I am currently reading through Brownian Motion by Schilling and am confused by something in the section on transience and recurrence. He says,
"By the Markov Property and the fact that $\mathbb{P}^0(B_{1/n}=0)=0$,
we have
$\mathbb{P}^0(\exists t> 1/n: B_t=0)=\mathbb{E}^0\mathbb{P}^{B_{1/n}}(\exists t>0: B_t=0)$"
Intuitively, I understand that by the Markov Property, moving $t+1/n$ in time has the same distribution as starting at time $1/n$ and then moving $t$ units. But I am not quite sure how he gets the right-hand side of the equality from the left-hand side.
Any help is appreciated!
$\textbf{Edit}$: After referencing this post (Brownian motion: Strong Markov versus translation invariance) I came up with something that I think works.
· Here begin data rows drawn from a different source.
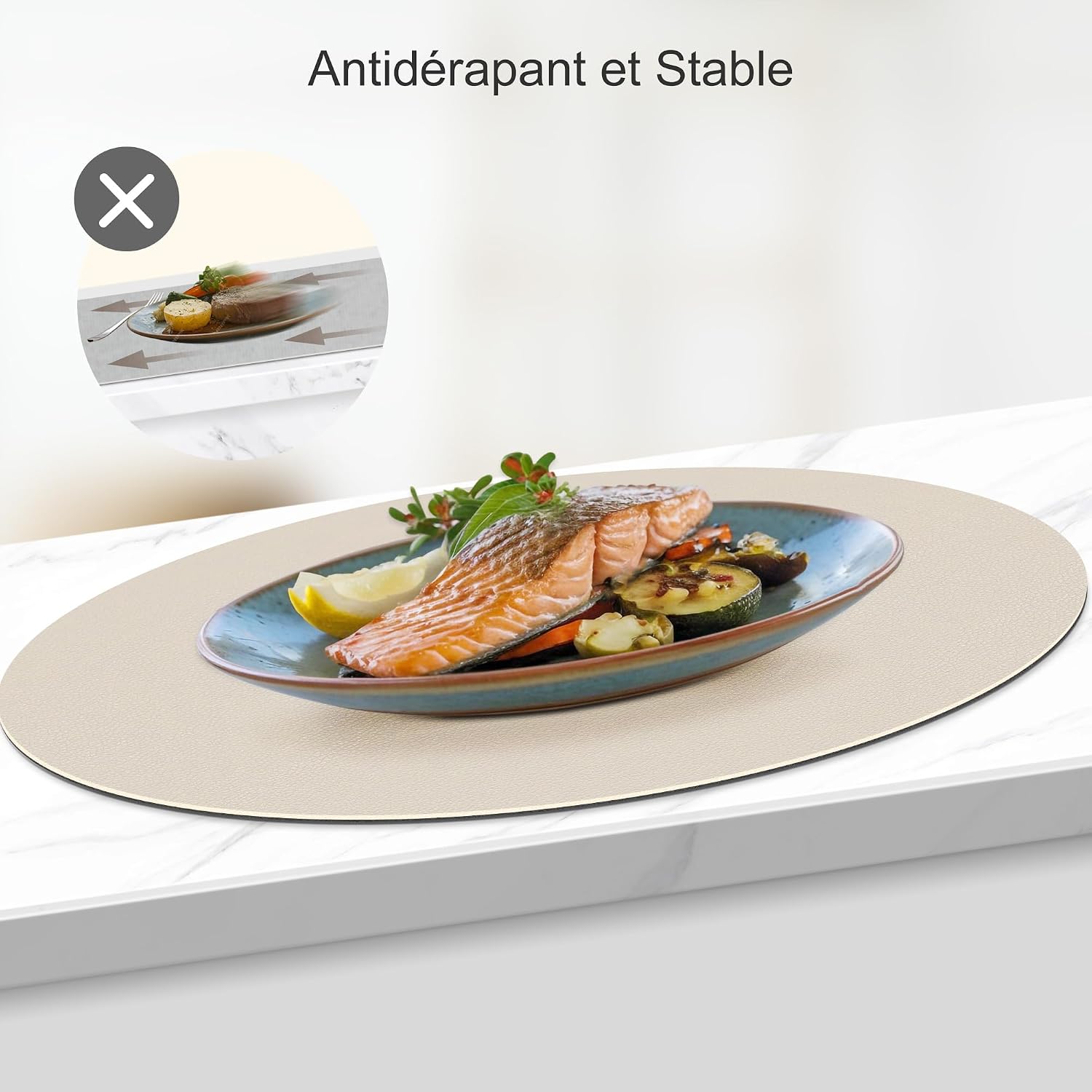 Detalle de KitchenBoss Sets de Table Ø 38 cm – Lot de 6, Dessous de Table et Verre en Similicuir Charcoal Grey + Beige
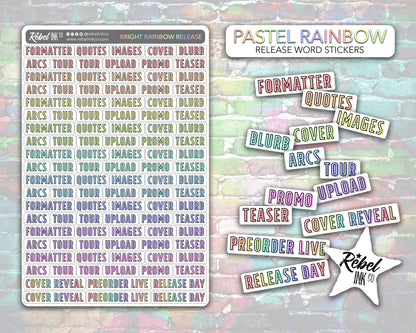 Author Release Stickers - Pastel Rainbow
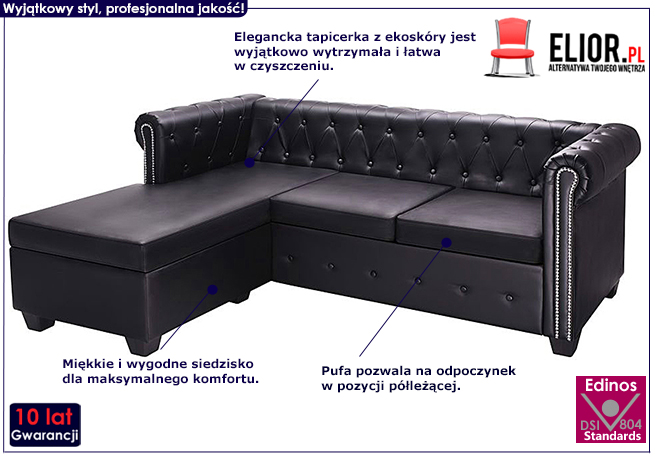 Sofa Aurelo 4Q w stylu Chesterfield, czarna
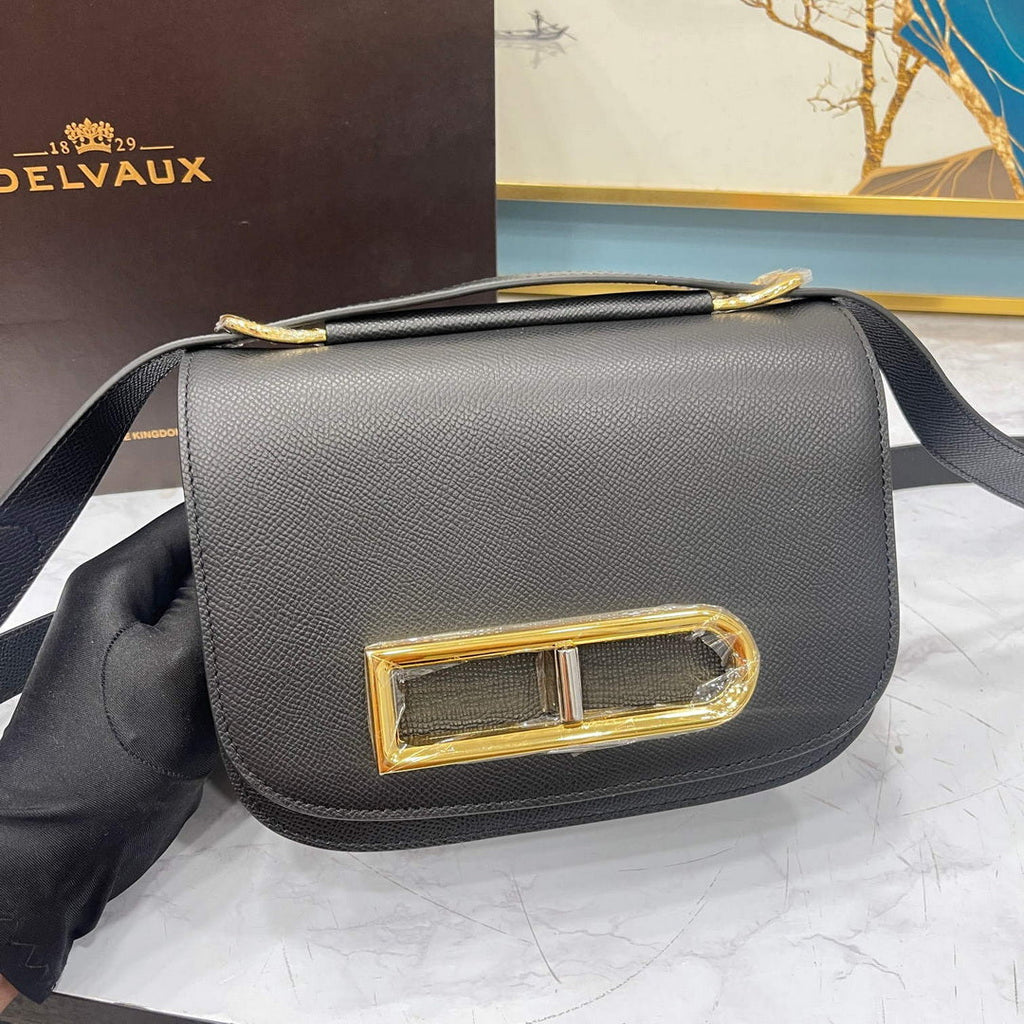 Delvaux AA0574 Lingot Alpina Calf Bag Black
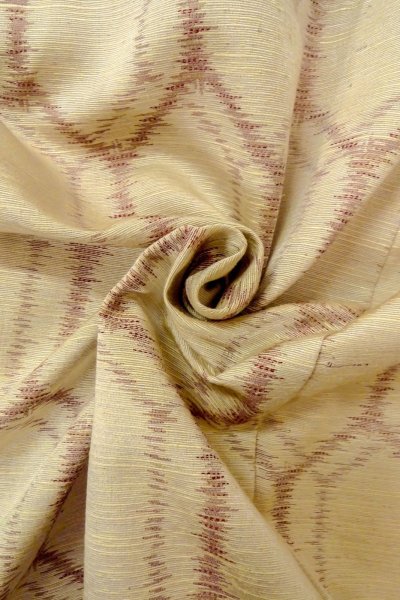Photo11: O0328I Vintage Japanese kimono   Ivory TSUMUGI pongee for women / Silk. Tortoise-shell pattern(Hexagonal pattern)   (Grade B) (11)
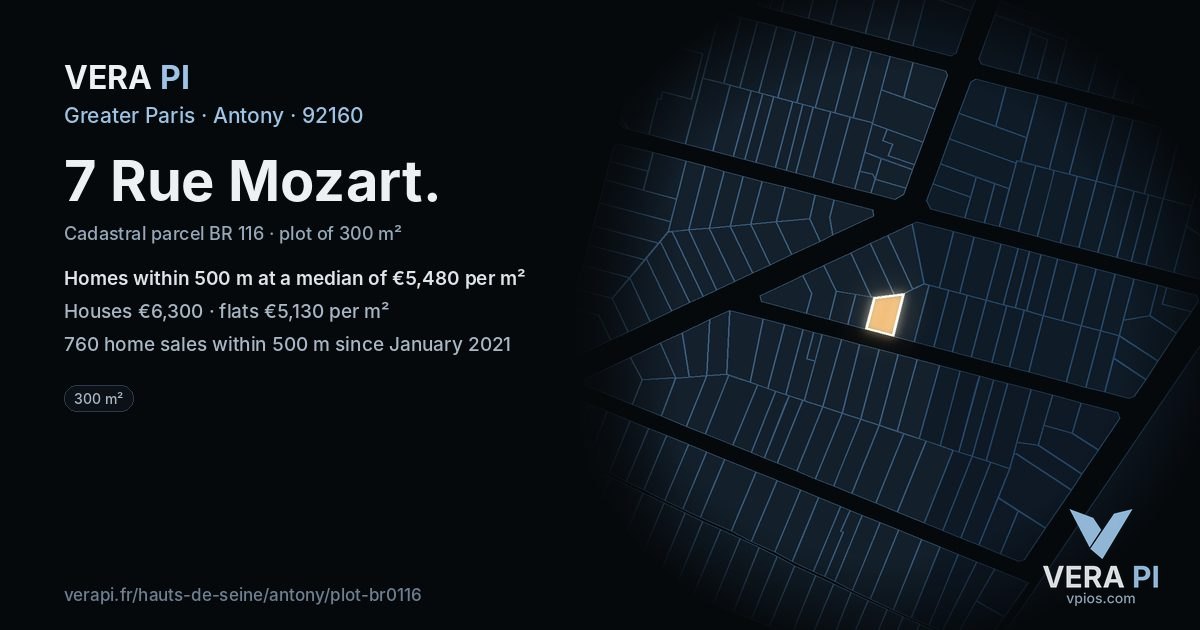 7 Rue Mozart, Antony at night – the plot lit, the parcels around coloured by the prices near them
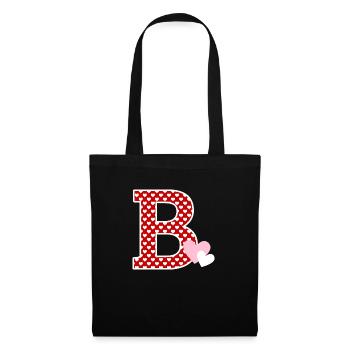 Letter B heart - Tote Bag - black - Front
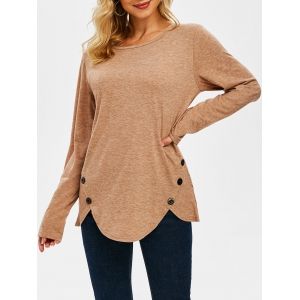 

Buttoned Long Sleeve T-shirt, Light coffee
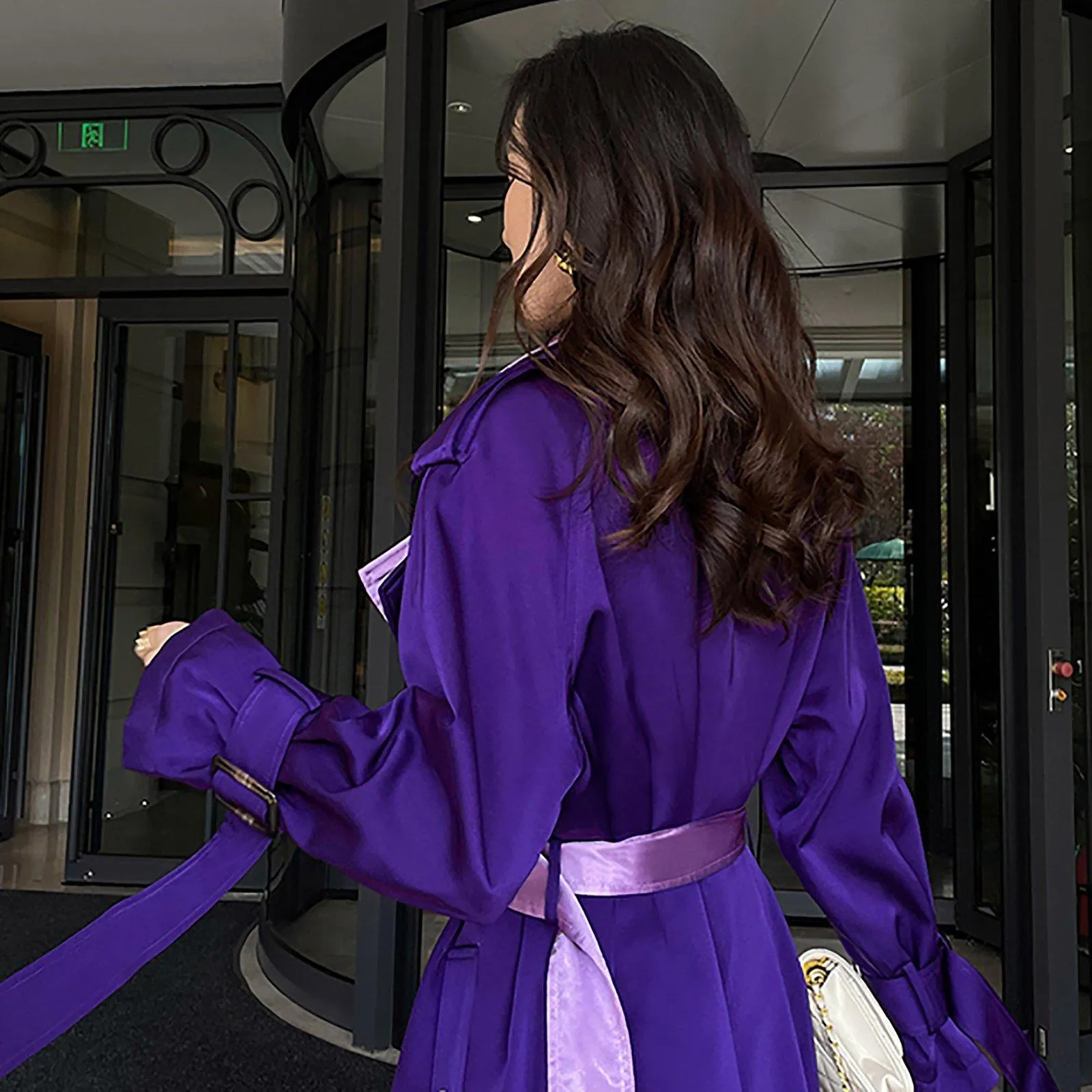 Women Purple Satin Double Breasted Long Trench Coat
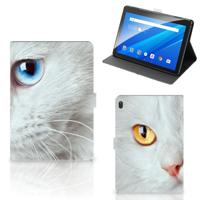 Lenovo Tab E10 Flip Case Witte Kat - thumbnail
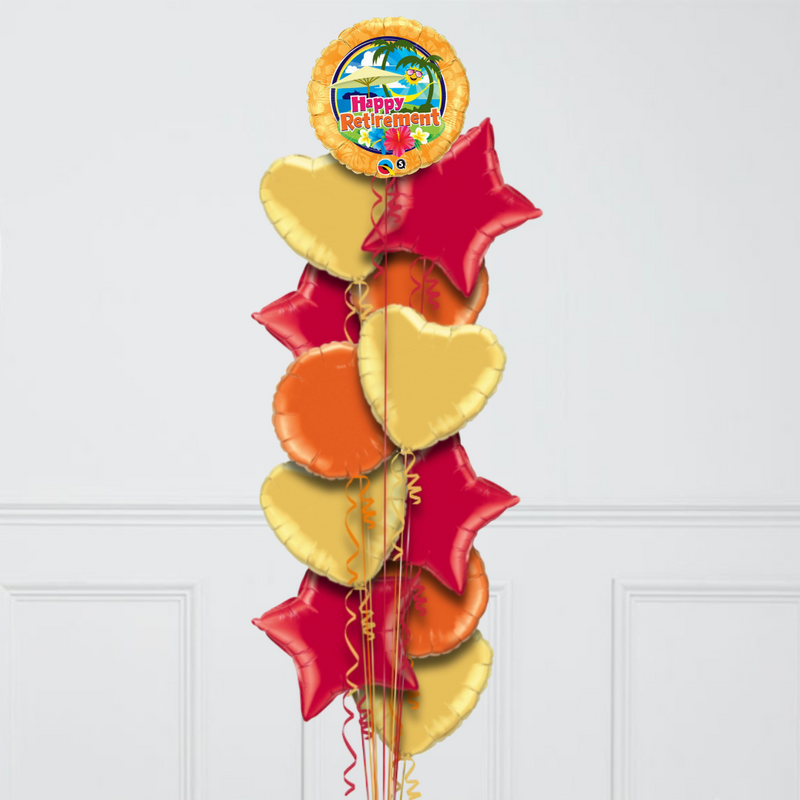 Happy Retirement Tropical Vibe Foil Balloon Bouquet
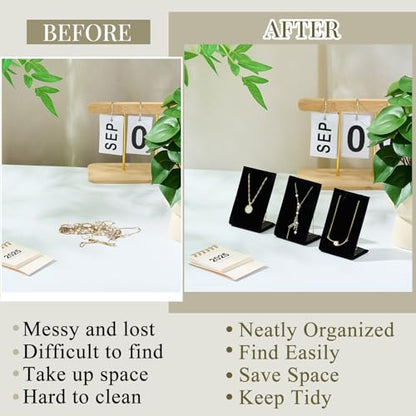 RattanView 12 Pieces Velvet Earring Display Stand Necklace Pendant Jewelry Stand Showcase Organizer Display Holder for Earring Pendant Accessory Rack(Black,Straight Style,Velvet) - color: Black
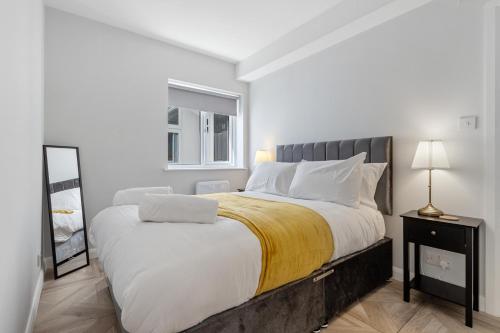 a bedroom with a large bed and a mirror at Modern Apartment Free Off Road Parking 2x Double Rooms Suite 11 in Nottingham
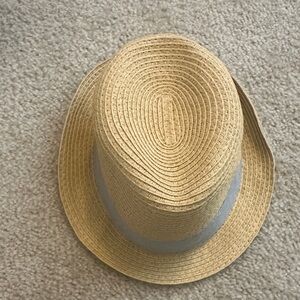 Kids Carters Stylish Tan Straw Hat with Gray Band size 2T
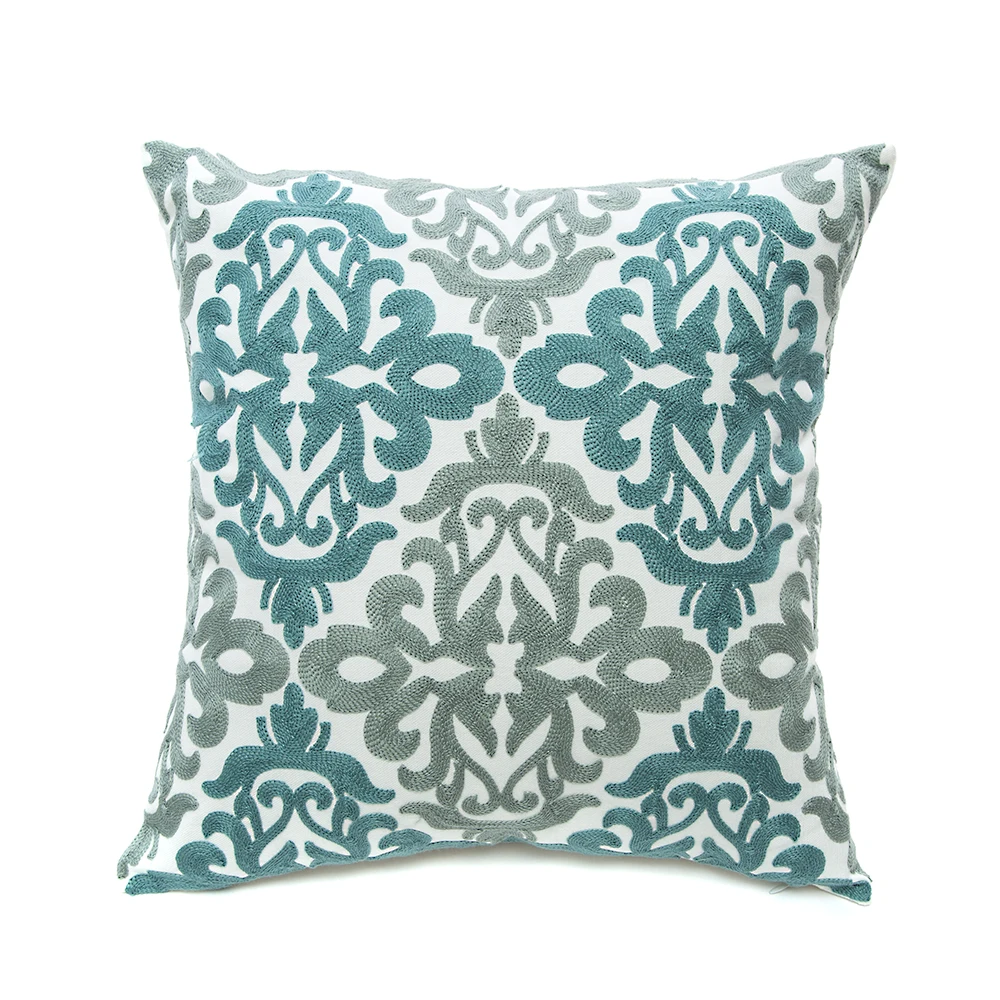 Decorative Embroidered Throw Pillows Covers Cushion Cases for Couch Sofa Bed Wine Red Grey Accent Geometric Floral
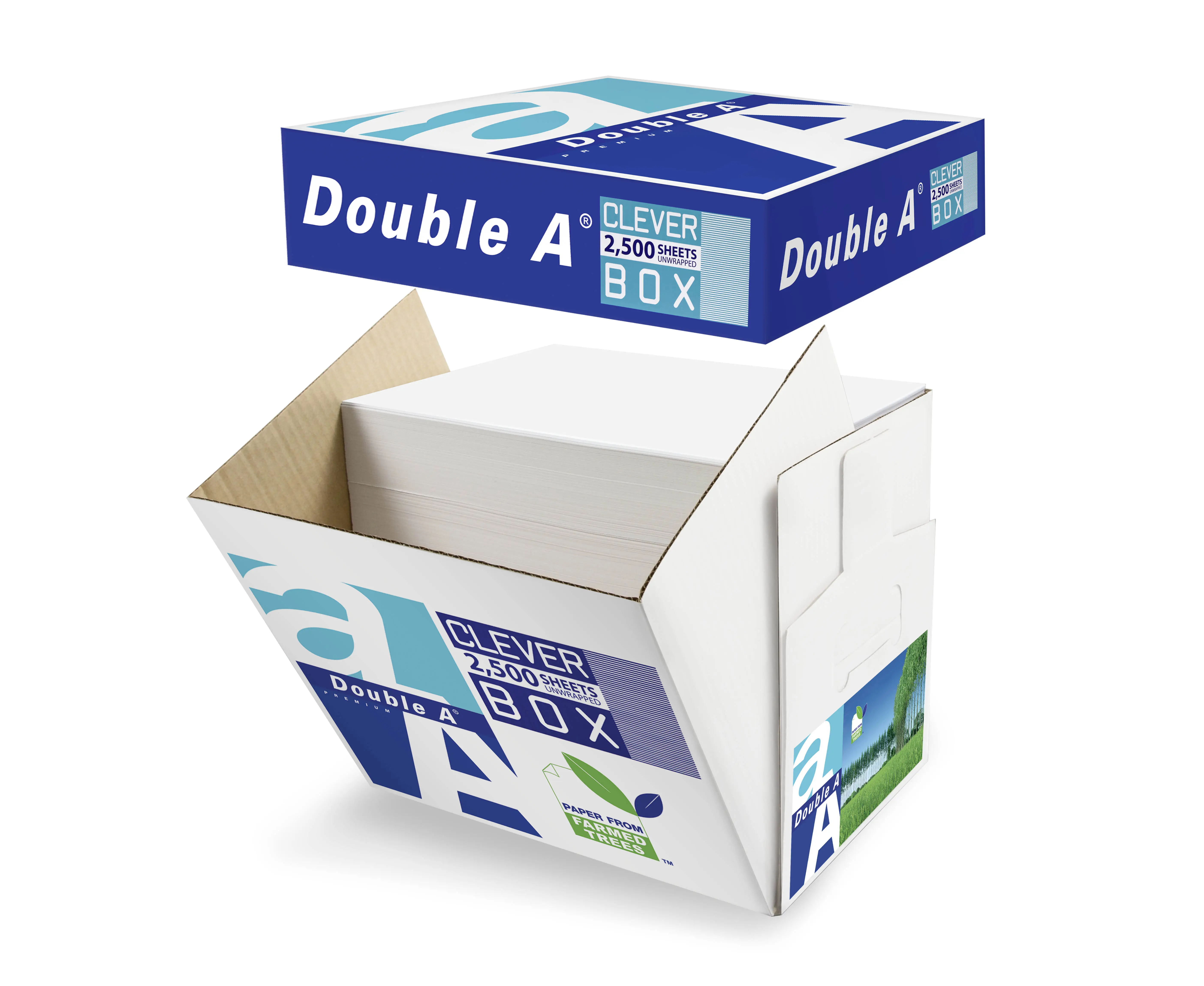 ダブルA4連プレミアム品質コピー用紙500枚/連5連/オフィス用ボックス工場サプライヤーウールパルプ80gsm紙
I still don't see where $\mathbb{P}^0(B_{1/n}=0)=0$ is used; I think probably so there are strict inequalities but I don't use it below so there may be some mistakes in my argument below but its an idea:
Let $f_t(x)=\begin{cases}1 & t>0, x=0\\0& \text{else} \end{cases}$.$\quad$ Then $f_t(B_{t+1/n})=\begin{cases}1 & t>0, B_{t+1/n}=0\\0& \text{else} \end{cases}$.
So by the Markov property, $\mathbb{E}^0[f_t(B_{t+1/n})|\mathcal{F}_{1/n}]=\mathbb{E}^{B_{1/n}}[f_t(B_t)] = \mathbb{P}^{B_{1/n}}(t>0,B_t=0)$.
Taking expectations of both sides we have $\mathbb{E}^0[\mathbb{E}^0(f_t(B_{t+{1/n}})|\mathcal{F}_{1/n})]=\mathbb{E}^0[\mathbb{P}^{B_{1/n}}(t>0,B_t=0)]$.
Note by the tower property, the left hand side equals $\mathbb{E}^0[f_t(B_{t+1/n})]$ which is $\mathbb{E}^0[\mathbb{1}_{\{t>0:B_{t+1/n}=0\}}]=\mathbb{P}^0(t>1/n, B_t=0)$ which is what we needed to show.
If you see any flaws in the argument, please point them out.